Short web captions -
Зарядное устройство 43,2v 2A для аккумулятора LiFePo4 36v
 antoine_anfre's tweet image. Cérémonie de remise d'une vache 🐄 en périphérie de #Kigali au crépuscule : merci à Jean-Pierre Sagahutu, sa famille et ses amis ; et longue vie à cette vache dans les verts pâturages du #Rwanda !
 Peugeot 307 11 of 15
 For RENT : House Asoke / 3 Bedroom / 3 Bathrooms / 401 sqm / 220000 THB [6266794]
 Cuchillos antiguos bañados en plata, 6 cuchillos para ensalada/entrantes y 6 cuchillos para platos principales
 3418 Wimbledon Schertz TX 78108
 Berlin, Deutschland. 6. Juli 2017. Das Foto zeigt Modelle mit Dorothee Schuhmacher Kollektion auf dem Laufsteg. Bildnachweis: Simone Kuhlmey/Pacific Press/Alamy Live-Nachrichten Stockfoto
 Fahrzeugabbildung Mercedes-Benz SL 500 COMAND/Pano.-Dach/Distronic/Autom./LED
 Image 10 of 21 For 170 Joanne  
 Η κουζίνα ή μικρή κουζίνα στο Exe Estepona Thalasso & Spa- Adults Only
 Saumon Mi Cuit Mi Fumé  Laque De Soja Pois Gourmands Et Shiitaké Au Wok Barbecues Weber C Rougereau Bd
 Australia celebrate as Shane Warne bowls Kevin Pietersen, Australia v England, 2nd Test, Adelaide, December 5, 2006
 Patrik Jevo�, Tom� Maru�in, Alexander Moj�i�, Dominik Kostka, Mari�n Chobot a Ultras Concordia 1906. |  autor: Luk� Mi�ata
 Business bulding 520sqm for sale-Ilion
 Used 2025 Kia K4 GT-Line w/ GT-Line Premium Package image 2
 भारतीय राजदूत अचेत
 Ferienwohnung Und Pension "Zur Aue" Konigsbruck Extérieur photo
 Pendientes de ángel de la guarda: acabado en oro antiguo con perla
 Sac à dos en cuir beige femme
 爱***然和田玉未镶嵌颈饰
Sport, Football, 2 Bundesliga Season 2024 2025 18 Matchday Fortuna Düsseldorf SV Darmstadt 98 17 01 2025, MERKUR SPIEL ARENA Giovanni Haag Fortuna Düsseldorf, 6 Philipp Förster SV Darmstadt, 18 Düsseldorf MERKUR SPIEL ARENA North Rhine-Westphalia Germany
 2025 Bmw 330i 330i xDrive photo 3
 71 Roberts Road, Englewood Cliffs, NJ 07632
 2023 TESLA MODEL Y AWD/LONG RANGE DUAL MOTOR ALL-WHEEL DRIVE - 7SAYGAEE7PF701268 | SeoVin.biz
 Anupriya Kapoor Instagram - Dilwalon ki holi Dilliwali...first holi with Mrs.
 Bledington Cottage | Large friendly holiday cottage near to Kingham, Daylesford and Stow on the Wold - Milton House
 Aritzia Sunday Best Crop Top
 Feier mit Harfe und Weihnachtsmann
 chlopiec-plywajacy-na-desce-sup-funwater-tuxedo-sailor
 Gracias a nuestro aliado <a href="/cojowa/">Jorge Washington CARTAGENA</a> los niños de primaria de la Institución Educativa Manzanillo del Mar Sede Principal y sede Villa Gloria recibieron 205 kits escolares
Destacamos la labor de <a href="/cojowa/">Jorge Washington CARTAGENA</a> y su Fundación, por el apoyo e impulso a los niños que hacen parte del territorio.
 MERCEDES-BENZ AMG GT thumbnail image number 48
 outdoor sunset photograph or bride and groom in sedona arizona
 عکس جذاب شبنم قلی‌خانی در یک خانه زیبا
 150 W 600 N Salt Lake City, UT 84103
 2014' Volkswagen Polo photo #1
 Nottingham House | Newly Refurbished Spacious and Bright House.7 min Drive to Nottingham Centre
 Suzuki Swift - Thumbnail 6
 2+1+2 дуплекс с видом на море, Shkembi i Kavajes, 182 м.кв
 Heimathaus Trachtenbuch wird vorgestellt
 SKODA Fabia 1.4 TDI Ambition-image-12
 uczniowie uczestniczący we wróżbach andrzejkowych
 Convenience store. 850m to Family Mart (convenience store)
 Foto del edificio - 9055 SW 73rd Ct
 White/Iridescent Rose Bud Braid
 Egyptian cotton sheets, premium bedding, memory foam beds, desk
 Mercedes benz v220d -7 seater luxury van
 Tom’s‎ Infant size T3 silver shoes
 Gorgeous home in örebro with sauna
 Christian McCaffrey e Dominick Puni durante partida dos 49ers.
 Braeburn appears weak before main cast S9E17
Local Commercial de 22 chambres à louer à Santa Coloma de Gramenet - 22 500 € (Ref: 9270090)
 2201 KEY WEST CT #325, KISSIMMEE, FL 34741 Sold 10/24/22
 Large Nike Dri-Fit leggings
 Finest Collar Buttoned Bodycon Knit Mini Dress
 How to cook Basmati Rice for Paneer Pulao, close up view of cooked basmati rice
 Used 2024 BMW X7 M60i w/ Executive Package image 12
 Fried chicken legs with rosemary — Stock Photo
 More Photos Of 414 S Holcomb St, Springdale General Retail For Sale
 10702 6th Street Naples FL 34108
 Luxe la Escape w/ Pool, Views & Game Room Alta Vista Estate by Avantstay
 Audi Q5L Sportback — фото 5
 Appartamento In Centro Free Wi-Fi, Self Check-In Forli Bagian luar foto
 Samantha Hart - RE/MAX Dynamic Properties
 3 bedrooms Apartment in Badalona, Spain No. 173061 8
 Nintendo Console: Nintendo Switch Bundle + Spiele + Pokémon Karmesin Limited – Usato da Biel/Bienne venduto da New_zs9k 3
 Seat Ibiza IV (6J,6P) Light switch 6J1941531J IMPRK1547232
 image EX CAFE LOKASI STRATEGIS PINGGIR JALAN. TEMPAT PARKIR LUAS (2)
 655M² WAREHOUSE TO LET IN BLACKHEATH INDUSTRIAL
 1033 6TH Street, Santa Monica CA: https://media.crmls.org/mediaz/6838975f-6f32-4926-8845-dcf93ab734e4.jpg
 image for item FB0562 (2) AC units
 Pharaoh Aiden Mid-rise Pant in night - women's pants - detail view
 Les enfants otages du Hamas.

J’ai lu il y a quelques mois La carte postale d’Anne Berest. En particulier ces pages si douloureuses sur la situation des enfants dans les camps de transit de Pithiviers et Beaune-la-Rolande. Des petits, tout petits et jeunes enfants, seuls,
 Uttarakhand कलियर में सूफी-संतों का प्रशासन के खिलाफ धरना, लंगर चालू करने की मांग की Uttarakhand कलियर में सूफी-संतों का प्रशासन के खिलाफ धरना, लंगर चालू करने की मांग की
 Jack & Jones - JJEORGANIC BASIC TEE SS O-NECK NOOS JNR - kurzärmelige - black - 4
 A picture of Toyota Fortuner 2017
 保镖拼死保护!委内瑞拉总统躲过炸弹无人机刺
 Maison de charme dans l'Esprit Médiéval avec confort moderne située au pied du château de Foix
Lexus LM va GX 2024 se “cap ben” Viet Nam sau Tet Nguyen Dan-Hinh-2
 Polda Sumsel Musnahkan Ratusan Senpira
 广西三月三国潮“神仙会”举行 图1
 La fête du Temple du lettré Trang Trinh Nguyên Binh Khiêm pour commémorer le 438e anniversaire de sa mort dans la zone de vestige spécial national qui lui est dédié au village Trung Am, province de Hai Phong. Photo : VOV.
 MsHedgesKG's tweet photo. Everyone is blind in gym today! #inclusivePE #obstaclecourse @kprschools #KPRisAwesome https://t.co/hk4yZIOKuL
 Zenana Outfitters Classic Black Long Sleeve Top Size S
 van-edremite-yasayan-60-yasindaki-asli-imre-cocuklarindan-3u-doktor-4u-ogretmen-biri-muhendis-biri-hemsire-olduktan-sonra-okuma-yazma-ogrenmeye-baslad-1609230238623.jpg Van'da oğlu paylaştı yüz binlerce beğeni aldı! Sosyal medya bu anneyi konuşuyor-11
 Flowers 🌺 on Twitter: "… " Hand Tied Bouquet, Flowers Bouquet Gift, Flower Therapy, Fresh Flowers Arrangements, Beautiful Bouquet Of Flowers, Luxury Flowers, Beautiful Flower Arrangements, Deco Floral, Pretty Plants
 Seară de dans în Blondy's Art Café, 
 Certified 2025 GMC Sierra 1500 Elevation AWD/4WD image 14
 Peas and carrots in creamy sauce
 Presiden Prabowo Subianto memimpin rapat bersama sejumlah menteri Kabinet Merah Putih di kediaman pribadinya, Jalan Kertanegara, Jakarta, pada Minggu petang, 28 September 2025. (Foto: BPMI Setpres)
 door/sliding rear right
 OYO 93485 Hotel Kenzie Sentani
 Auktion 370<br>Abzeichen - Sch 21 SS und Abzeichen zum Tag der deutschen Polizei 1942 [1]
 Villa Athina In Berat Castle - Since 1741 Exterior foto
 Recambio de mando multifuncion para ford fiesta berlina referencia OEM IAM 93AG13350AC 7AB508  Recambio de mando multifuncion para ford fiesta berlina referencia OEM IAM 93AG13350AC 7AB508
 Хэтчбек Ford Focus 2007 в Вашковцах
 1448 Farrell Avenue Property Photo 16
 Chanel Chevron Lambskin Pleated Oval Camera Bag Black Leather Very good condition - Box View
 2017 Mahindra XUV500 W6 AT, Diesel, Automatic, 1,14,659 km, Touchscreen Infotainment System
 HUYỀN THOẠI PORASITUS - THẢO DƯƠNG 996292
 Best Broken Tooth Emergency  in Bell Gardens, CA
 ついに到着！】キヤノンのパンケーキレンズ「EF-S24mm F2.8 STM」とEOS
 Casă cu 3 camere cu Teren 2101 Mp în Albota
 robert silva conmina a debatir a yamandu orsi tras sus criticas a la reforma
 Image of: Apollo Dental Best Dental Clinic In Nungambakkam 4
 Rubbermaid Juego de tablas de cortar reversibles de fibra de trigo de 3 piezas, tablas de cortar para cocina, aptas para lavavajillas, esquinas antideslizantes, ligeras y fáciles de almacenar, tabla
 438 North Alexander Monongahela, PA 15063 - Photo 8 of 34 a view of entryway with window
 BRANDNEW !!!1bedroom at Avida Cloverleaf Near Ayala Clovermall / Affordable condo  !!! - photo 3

WHAT YOU HAVE TO DO -
Looking at the records above, how many lines include "Large"? Please give the number and nothing more.

RESPONSE TO THIS EXERCISE -
2